The US president will visit South Korea and Japan to reaffirm America’s regional policy in Asia.

By Emily Tamkin and Katie Stallard

WASHINGTON DC – The US president, Joe Biden, is heading on a four-day trip to Asia, first to Seoul, then to Tokyo.

Looming behind his visits to both South Korea and Japan is, of course, China. In his first address to both houses of Congress in 2021, Biden established that he considered China to be America’s main adversary, and that he would try to rally the world’s democracies to take on Chinese autocracy. In his State of the Union speech earlier this year, however, China was hardly mentioned. A bungled US-led withdrawal from Afghanistan and Russia’s war in Ukraine had pushed China from centre stage in the grand production that is American foreign policy.

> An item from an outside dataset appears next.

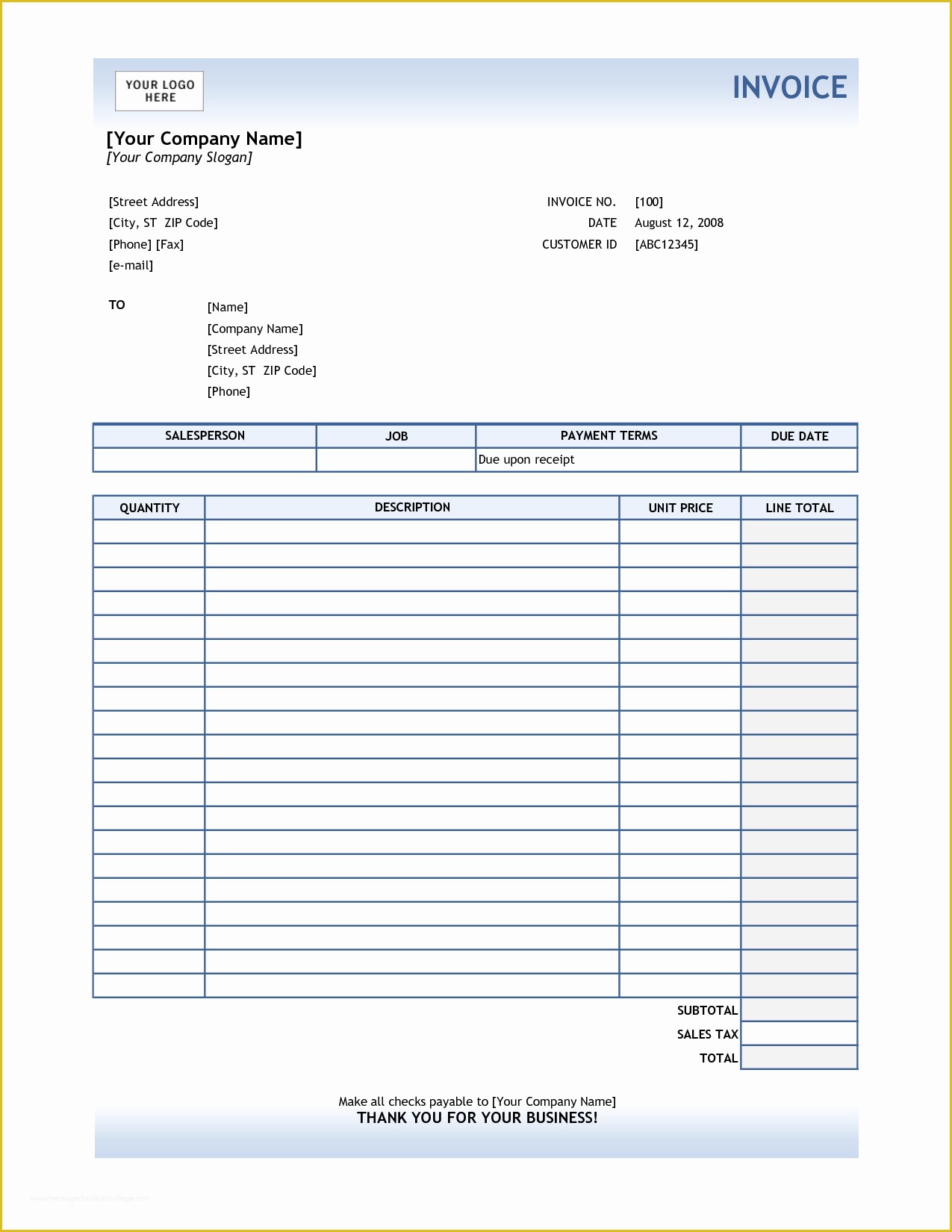 Free Blank Invoice Template Excel Of Service Invoice Template Excel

On his Asian travels, Biden will try to remind America’s allies and partners, as well as its adversaries, that countering China is a priority, and that Russia’s war in Ukraine has not distracted the United States from its agenda in the Indo-Pacific and wider Asian region. But will it work?

Biden can expect a warm welcome in both Seoul and Tokyo. South Korea’s new president Yoon Suk-yeol has already signalled his intention to align his country more closely with the United States, and he has a well-established relationship with Japan’s prime minister Kishida Fumio, who was foreign minister when he was vice-president.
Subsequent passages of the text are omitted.